What the Utrecht team did differently

Led by climate scientist Sacha Sinet together with colleagues Anna S. von der Heydt and Henk A. Dijkstra at Utrecht University, the team used an Earth system model called CLIMBER X. They ran thousands of years of simulations where meltwater from the Greenland ice sheet and the West Antarctic ice sheet was added to different parts of the ocean.

Instead of guessing one precise future, they tested many “what if” trajectories for how fast each ice sheet might collapse and when those collapses would start.

These timelines were based on ranges from earlier ice sheet modeling work, where Greenland could take roughly one to fifteen thousand years to largely disappear and West Antarctica about five hundred to thirteen thousand years, especially under very high emissions.

Climate model simulation showing how meltwater from Greenland and West Antarctica affects the strength of the AMOC ocean circulation.

Climate simulations illustrate how meltwater from Greenland and West Antarctica can alter the strength of the Atlantic Meridional Overturning Circulation.

Greenland alone pushes the AMOC toward collapse

When the model added only Greenland meltwater into the North Atlantic, the AMOC eventually collapsed for a wide range of melt rates that lasted between about one and four thousand years.

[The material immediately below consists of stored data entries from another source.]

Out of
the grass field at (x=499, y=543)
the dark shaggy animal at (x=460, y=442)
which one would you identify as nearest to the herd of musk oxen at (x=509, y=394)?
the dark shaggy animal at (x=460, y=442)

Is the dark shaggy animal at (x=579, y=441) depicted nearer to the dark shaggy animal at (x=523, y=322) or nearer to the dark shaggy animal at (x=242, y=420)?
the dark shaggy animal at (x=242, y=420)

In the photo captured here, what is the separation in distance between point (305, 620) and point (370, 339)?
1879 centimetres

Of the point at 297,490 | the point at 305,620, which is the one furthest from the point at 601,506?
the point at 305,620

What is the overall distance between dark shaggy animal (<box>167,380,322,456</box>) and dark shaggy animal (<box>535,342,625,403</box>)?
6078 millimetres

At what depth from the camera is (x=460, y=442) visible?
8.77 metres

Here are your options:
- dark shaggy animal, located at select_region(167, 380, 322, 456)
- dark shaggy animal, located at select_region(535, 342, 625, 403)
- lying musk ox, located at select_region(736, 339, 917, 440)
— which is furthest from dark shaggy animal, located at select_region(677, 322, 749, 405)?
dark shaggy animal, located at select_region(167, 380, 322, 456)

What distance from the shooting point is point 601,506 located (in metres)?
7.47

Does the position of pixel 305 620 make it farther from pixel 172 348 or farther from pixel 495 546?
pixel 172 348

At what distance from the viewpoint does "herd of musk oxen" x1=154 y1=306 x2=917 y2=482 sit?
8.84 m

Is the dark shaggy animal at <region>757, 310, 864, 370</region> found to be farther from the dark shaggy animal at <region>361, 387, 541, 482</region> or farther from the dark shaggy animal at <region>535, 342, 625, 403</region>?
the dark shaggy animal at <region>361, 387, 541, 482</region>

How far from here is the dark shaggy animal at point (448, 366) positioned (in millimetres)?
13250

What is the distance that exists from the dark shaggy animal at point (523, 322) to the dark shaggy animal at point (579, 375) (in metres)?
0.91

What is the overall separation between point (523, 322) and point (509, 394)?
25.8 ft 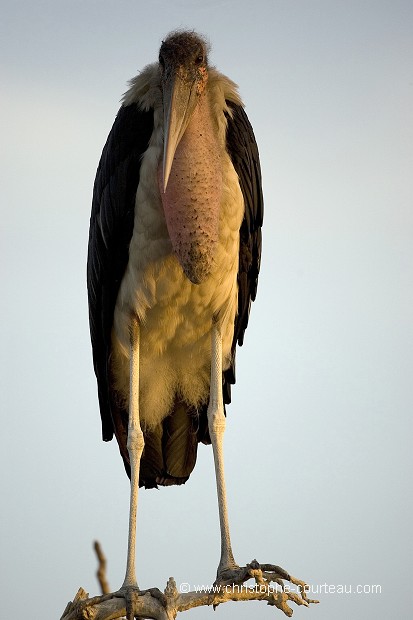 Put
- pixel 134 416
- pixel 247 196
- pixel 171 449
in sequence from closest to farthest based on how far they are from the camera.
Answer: pixel 247 196
pixel 134 416
pixel 171 449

That fresh water made surface waters in the North Atlantic less salty and therefore less dense, which choked off the sinking that normally drives the overturning circulation.

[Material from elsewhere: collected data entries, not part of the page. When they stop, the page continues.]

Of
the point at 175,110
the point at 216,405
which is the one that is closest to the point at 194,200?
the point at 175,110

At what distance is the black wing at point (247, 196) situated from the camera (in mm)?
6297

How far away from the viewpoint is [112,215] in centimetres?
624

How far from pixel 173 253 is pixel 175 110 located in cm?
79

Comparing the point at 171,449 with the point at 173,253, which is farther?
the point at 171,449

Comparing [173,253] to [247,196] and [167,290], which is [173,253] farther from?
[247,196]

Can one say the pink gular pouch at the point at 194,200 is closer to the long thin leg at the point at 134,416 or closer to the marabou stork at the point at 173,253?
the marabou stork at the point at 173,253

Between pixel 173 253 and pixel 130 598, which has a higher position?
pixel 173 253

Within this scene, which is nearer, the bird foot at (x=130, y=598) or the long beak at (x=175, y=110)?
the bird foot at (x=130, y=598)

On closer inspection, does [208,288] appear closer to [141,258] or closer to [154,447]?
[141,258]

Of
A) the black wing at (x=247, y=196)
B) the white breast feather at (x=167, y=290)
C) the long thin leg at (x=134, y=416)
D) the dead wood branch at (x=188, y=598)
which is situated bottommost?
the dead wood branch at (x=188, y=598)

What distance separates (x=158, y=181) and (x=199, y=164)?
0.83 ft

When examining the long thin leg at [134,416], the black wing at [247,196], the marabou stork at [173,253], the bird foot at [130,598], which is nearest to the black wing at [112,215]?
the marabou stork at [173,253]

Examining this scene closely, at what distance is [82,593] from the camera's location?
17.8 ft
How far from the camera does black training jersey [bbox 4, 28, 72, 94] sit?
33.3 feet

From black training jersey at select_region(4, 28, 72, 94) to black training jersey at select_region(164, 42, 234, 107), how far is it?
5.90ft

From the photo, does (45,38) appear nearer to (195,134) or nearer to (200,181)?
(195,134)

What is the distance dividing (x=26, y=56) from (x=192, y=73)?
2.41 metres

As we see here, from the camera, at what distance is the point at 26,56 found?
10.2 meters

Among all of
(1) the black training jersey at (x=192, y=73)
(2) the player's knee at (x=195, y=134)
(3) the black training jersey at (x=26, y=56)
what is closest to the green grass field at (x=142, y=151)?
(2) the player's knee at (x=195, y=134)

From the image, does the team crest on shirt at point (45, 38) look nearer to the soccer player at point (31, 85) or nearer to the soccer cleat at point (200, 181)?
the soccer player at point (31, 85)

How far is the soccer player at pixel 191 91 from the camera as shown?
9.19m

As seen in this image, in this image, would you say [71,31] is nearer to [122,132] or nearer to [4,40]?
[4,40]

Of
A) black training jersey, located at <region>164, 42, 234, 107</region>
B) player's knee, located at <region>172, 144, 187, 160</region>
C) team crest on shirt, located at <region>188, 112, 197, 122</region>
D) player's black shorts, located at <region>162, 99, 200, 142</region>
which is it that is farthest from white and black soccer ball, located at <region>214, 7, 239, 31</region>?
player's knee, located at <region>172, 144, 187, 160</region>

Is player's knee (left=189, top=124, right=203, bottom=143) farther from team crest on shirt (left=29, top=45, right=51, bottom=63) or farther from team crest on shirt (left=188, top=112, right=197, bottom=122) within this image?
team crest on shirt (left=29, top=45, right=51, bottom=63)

Once the AMOC collapsed in these experiments, the model produced a cooler Northern Hemisphere and a warmer Southern Hemisphere, along with a shift in tropical rainfall patterns. That kind of pattern would have big consequences for crops, fisheries, and everyday weather in regions that currently depend on a relatively stable Atlantic climate. 

West Antarctica changes the story

The twist came when the team added meltwater from West Antarctica on top of the Greenland signal. West Antarctic melt alone did not tip the AMOC in the model, although it did weaken the circulation after a brief initial strengthening linked to changes in deep water formation around Antarctica.

When both ice sheets were allowed to “tip”, West Antarctic meltwater sometimes made things worse and sometimes better.

In some setups it sped up the AMOC collapse or delayed its recovery, but in others it nudged the system into a different, weaker, yet stable overturning pattern that never fully shut down, even while Greenland kept pouring freshwater into the North Atlantic.

How meltwater can both weaken and stabilize the AMOC

In the stabilizing experiments, the West Antarctic ice sheet collapsed relatively quickly, over at most about eleven hundred years, and its main melt pulse arrived several hundred years before the peak of Greenland melting.

That early Southern Hemisphere meltwater first helped weaken deep convection in the far north, then shifted where sinking occurred so that deep water formation continued farther south in the Atlantic.

Over time, less Antarctic freshwater reached the North Atlantic, while salty water from lower latitudes slowly increased the density of surface waters there. The model settled into a “weak but still active” AMOC that proved more resilient to Greenland melt than the stronger original state, preventing a total shutdown in those cases.

Why this is not a get out of jail free card

At the end of the day, this does not turn West Antarctic collapse into good news. The same ice sheet holds enough frozen water to raise global sea level by roughly four to five meters if it melts completely, which would redraw coastlines and expose many major cities to chronic flooding.

Earlier work has also shown that Antarctic meltwater can delay or reshape AMOC weakening, yet still drive major climate shifts in both hemispheres, including changes in storm tracks and rainfall that people would feel far from the poles.

For the most part, the new study reinforces two messages. First, the climate system contains networks of tipping elements that can interact in complex ways, sometimes pushing one another toward crisis and sometimes cushioning the blow.

Second, relying on a West Antarctic tipping event to “rescue” the AMOC would trade one huge risk for another even larger one, especially for low-lying coasts that already worry about each extra inch of sea level rise.

The main study has been published in the journal Science Advances.